WHAT THIS TASK INVOLVES
What you return must match the records exactly, except that the pictures are gone.

INFORMATION SUPPLIED

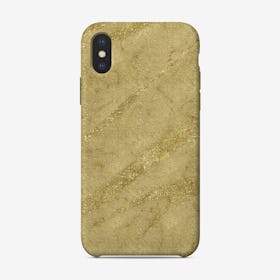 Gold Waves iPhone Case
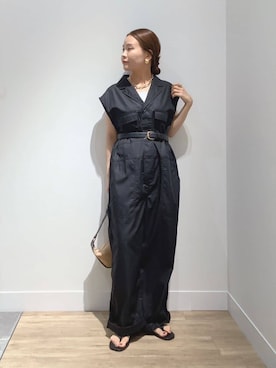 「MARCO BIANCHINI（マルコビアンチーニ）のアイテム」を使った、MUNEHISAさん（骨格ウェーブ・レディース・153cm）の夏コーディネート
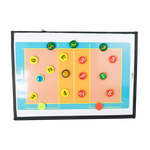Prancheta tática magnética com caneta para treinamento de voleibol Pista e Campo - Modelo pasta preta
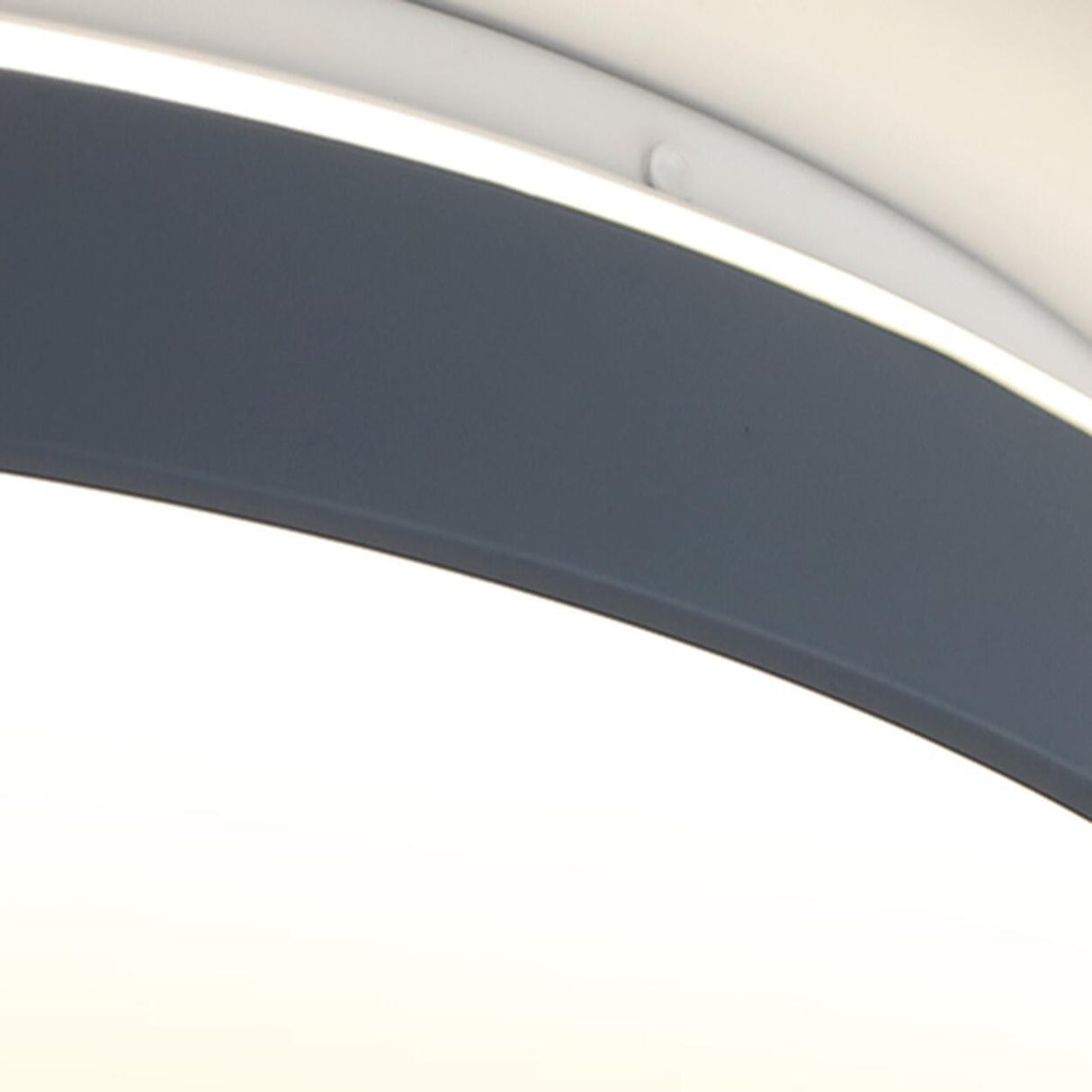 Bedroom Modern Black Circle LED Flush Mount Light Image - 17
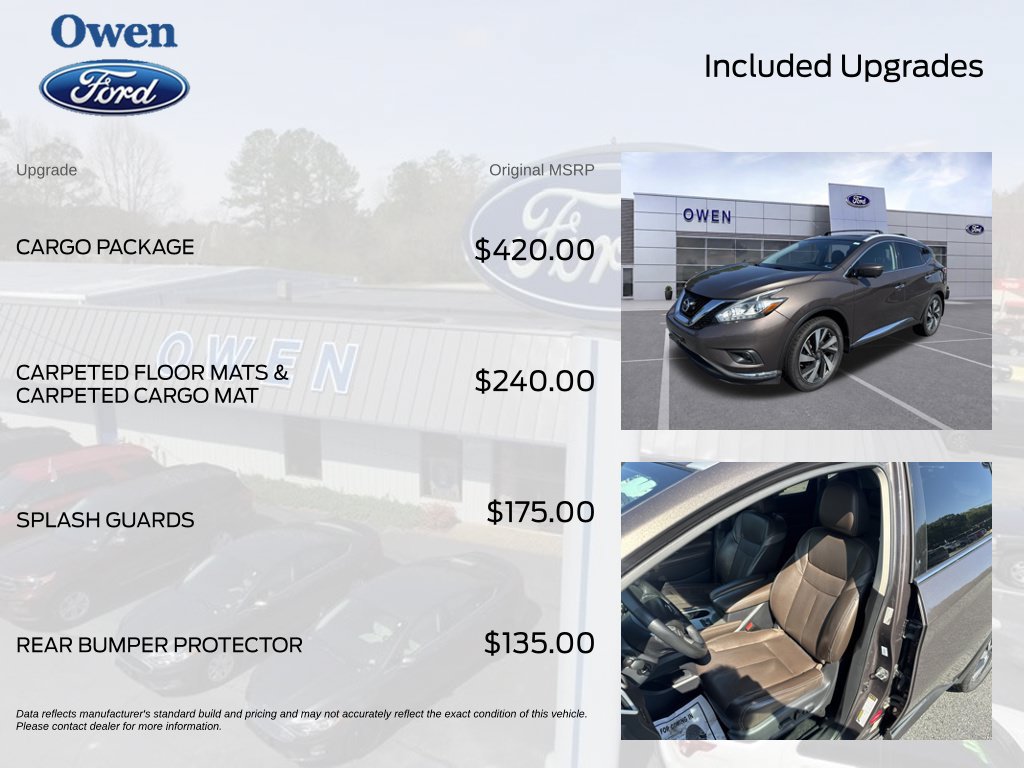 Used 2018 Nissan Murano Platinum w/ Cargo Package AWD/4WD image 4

OUTPUT FOR THIS EXERCISE
 Gold Waves iPhone Case
 「MARCO BIANCHINI（マルコビアンチーニ）のアイテム」を使った、MUNEHISAさん（骨格ウェーブ・レディース・153cm）の夏コーディネート
Prancheta tática magnética com caneta para treinamento de voleibol Pista e Campo - Modelo pasta preta
 Bedroom Modern Black Circle LED Flush Mount Light Image - 17
 Used 2018 Nissan Murano Platinum w/ Cargo Package AWD/4WD image 4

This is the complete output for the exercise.